E olha que aprender a escrever à mão, no meu tempo, era uma dificuldade. No curso primário a gente tinha aula de linguagem. Tinha o caderno de linguagem, que todos eram obrigados a comprar. A linha era subdividida em duas partes, sendo a de baixo menorzinha para caberem as letras baixas, como o “a” e o “o”, por exemplo. E quando pintava um “l” ou um “t”, tinha que ir até lá em cima. Assim, todo mundo ficava com a letra igual à da professora, que era perfeita, por sinal.
Com o passar dos anos e com o desuso, a minha letra foi ficando horrorosa demais. Nem eu mesmo entendia. Passei a só escrever em letra de forma. O tempo passou mais e mais e a letra se foi deformando toda. Mas dava para o cheque. Agora, com a máquina de preencher cheque, lá se vai a minha letra. Com você anda acontecendo o mesmo?
Tenho certeza que, no futuro próximo, os alunos em vez de caderno vão levar os notebooks para a sala de aula. A letra à mão será coisa pré-histórica. Imagino os novos alunos, quando já grandinhos, olhando as receitas dos médicos e imaginando que os pais e avós escreviam daquele jeito. Ou será que também os médicos vão ter uma maquininha para dar suas tortas receitas?
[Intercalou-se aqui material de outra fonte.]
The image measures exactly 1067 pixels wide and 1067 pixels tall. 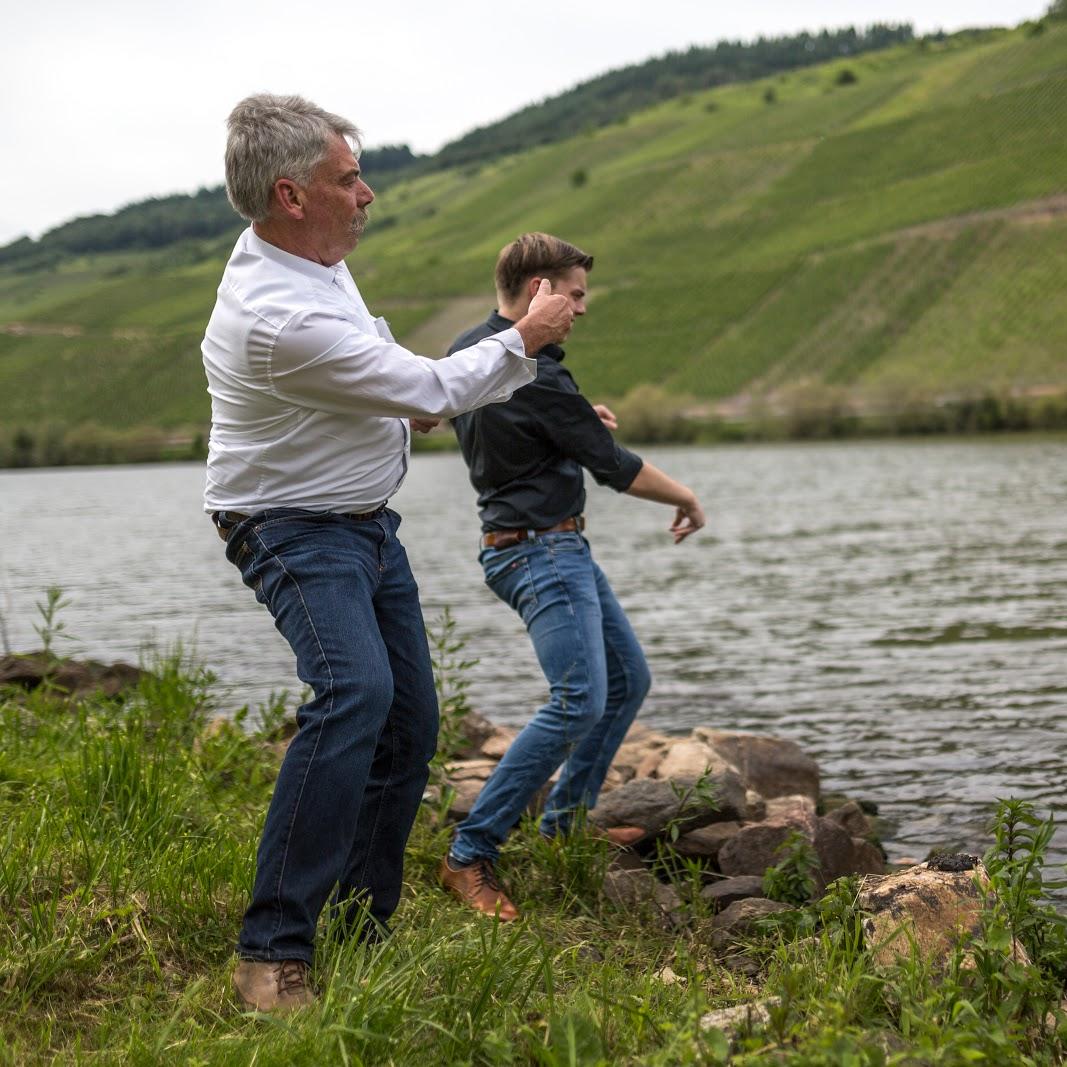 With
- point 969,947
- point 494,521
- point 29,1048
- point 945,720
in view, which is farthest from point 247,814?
point 945,720

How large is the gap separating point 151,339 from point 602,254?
143 ft

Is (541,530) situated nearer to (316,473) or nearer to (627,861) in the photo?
(627,861)

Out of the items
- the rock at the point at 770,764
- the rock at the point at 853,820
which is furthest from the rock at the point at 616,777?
the rock at the point at 853,820

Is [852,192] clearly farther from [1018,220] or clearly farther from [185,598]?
[185,598]

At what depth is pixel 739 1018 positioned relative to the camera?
3367 mm

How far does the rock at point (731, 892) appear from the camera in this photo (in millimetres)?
5539

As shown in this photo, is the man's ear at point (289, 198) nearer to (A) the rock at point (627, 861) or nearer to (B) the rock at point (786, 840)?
(A) the rock at point (627, 861)

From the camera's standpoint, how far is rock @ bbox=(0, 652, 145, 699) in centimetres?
868

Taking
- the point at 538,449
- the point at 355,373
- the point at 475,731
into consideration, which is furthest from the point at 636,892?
the point at 475,731

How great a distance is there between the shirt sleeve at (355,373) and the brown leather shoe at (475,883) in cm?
211

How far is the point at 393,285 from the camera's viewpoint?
13288 cm

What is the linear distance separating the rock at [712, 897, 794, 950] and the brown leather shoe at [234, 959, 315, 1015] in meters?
1.81

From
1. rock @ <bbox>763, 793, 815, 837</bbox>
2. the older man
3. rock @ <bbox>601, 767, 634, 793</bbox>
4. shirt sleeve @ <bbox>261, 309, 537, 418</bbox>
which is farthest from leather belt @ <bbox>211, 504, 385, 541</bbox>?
rock @ <bbox>601, 767, 634, 793</bbox>

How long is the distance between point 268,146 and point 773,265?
115 metres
Fico triste ao constatar tudo isso. É como se uma parte de mim fosse embora. Uma parte trabalhada duramente durante anos e anos.
O correio elegante das quermesses, como ficará? Persistirá, mesmo com as pessoas tendo letras cada vez mais confusas? Como conquistar uma moça com aquela letra, gente? E o cartãozinho das flores remetidas? Será que só usaremos as letras manuais para os motivos apaixonantes?
Chegará o momento que usaremos a nossa mão apenas para a assinatura. Ou será que teremos um cartão a laser que, passado em cima de um papel, depois de codificado por um número, imprimirá nossa assinatura? Ou será que voltaremos ao uso infalível da impressão digital?
Será que um dia chegaremos ao absurdo de ser proibido escrever à mão? Penas pesadas para os infratores? Fulano preso escrevendo poesias em plena praça. O que o pai do fulano não vai pensar daquilo? Mesmo a multa aplicada pela guarda não será escrita à mão. Ele digita a placa do seu carro e a informação vai diretamente para o Detran.
Nos países mais metidos a besta (também conhecidos como Primeiro Mundo), os garçons já pegam o seu pedido com um mini computador que leva imediatamente o seu pedido para o cozinheiro.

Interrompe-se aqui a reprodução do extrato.